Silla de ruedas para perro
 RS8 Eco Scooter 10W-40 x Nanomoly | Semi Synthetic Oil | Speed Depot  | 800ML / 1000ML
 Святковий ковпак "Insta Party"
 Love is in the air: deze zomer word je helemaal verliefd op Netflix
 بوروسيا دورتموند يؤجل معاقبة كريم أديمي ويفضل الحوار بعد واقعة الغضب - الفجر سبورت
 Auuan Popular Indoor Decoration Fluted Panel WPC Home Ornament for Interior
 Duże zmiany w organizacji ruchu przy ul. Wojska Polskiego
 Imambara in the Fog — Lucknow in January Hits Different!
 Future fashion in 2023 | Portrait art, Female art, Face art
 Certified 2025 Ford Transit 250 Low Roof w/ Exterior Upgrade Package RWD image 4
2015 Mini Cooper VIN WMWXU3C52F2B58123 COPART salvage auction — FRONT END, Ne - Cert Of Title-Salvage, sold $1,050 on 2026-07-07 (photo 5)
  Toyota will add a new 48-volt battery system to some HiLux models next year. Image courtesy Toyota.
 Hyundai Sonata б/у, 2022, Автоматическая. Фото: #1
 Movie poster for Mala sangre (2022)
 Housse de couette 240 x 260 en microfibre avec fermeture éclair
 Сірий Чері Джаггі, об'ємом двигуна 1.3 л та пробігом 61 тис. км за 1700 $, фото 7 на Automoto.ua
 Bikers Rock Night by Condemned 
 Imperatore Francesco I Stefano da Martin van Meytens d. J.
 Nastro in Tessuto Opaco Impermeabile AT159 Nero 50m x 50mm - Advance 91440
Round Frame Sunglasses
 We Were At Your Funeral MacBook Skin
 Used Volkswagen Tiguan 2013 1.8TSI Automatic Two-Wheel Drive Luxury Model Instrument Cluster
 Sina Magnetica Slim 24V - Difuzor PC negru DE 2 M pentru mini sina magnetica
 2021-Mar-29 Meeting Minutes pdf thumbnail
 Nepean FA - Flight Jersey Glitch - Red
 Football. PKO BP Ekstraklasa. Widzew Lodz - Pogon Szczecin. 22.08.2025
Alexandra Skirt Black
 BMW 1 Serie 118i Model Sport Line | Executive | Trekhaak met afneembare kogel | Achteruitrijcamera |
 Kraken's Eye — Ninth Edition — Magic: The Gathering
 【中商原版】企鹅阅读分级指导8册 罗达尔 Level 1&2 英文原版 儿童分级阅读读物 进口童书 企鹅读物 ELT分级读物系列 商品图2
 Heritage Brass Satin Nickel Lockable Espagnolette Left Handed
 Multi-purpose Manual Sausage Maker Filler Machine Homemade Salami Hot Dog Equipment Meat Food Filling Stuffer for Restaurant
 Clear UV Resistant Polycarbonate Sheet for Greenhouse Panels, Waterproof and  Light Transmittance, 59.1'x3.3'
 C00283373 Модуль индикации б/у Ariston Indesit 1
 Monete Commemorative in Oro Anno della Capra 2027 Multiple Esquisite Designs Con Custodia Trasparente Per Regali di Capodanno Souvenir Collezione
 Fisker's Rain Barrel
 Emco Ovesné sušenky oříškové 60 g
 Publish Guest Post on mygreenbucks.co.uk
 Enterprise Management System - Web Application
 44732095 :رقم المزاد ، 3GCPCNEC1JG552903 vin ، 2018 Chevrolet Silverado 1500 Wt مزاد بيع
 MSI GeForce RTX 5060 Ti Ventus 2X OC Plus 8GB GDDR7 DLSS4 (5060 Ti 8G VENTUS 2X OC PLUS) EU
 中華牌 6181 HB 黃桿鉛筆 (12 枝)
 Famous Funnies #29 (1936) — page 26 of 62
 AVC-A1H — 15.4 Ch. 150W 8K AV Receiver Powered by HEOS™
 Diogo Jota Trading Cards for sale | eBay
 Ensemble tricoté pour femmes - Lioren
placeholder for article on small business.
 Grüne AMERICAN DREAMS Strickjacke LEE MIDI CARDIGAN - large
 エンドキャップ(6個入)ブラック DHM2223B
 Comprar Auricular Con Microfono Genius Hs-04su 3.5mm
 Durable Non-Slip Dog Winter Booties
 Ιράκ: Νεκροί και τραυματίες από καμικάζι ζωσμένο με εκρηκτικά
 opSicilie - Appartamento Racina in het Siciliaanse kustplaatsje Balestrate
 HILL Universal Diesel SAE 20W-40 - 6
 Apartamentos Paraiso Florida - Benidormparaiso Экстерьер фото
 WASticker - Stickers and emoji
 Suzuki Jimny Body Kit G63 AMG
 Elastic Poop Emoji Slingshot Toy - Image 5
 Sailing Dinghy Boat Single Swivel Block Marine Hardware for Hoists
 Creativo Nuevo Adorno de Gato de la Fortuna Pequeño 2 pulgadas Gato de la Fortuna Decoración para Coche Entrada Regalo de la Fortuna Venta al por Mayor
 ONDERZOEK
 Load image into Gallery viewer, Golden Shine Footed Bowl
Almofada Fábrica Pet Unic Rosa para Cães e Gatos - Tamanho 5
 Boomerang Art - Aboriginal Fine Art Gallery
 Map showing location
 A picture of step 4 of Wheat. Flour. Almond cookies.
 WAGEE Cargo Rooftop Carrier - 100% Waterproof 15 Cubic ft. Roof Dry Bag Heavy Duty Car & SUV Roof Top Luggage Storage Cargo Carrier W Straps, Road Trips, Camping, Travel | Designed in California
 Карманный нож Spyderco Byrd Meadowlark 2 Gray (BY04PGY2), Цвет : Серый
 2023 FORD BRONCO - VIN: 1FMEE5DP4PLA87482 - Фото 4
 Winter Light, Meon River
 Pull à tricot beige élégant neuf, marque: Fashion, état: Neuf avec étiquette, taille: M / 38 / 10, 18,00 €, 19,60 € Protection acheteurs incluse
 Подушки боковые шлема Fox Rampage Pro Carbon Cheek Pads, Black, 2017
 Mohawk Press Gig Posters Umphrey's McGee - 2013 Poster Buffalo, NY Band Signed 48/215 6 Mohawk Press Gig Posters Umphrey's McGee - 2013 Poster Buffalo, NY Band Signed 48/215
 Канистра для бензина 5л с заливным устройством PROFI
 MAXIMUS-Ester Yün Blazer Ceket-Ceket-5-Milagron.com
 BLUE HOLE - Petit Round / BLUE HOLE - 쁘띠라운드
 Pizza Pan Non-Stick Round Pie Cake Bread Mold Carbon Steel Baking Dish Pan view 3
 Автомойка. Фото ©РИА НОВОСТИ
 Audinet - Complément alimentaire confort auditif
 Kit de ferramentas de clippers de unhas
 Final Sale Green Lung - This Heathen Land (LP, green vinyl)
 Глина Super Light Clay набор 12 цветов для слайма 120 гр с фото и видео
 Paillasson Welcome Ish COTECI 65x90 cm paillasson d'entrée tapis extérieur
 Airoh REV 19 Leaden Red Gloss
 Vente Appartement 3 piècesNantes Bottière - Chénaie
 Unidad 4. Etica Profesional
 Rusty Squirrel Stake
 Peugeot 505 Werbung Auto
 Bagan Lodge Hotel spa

───

§ WHAT THE TASK ASKS: In the listing above, find the line containing "Love is in the" and the line containing "Round Frame Sunglasses". Output them and every line between, exactly, and nothing else.

§ ANSWER:
 Love is in the air: deze zomer word je helemaal verliefd op Netflix
 بوروسيا دورتموند يؤجل معاقبة كريم أديمي ويفضل الحوار بعد واقعة الغضب - الفجر سبورت
 Auuan Popular Indoor Decoration Fluted Panel WPC Home Ornament for Interior
 Duże zmiany w organizacji ruchu przy ul. Wojska Polskiego
 Imambara in the Fog — Lucknow in January Hits Different!
 Future fashion in 2023 | Portrait art, Female art, Face art
 Certified 2025 Ford Transit 250 Low Roof w/ Exterior Upgrade Package RWD image 4
2015 Mini Cooper VIN WMWXU3C52F2B58123 COPART salvage auction — FRONT END, Ne - Cert Of Title-Salvage, sold $1,050 on 2026-07-07 (photo 5)
  Toyota will add a new 48-volt battery system to some HiLux models next year. Image courtesy Toyota.
 Hyundai Sonata б/у, 2022, Автоматическая. Фото: #1
 Movie poster for Mala sangre (2022)
 Housse de couette 240 x 260 en microfibre avec fermeture éclair
 Сірий Чері Джаггі, об'ємом двигуна 1.3 л та пробігом 61 тис. км за 1700 $, фото 7 на Automoto.ua
 Bikers Rock Night by Condemned 
 Imperatore Francesco I Stefano da Martin van Meytens d. J.
 Nastro in Tessuto Opaco Impermeabile AT159 Nero 50m x 50mm - Advance 91440
Round Frame Sunglasses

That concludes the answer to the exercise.